Records provided
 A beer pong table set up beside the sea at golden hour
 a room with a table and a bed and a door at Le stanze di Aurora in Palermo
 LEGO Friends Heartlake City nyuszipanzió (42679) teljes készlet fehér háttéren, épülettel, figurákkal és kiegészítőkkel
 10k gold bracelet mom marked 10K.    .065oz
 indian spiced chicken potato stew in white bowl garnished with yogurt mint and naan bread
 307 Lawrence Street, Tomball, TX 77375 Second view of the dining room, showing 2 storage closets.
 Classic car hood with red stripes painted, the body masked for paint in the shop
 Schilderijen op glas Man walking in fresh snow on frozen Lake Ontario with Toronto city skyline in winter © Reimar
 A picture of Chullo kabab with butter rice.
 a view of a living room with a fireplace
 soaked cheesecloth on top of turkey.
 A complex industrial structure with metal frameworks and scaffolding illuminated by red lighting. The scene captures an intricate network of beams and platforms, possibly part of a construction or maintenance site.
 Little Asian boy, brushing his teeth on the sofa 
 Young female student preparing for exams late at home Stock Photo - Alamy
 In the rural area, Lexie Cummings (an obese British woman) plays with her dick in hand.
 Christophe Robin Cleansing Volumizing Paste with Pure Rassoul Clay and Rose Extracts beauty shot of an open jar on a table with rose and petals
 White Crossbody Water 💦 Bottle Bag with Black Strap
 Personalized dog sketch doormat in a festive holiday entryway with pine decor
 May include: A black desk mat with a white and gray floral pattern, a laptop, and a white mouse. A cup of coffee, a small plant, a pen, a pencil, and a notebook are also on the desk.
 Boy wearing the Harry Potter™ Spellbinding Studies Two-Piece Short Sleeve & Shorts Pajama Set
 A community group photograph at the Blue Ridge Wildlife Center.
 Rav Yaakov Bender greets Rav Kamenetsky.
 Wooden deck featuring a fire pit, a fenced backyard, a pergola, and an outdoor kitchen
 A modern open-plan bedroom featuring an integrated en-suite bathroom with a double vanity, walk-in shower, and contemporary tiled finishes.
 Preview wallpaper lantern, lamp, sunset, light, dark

Exercise aim
Wherever the string "open" appears in the entries above, list that line.

Answer to this task
 Christophe Robin Cleansing Volumizing Paste with Pure Rassoul Clay and Rose Extracts beauty shot of an open jar on a table with rose and petals
 A modern open-plan bedroom featuring an integrated en-suite bathroom with a double vanity, walk-in shower, and contemporary tiled finishes.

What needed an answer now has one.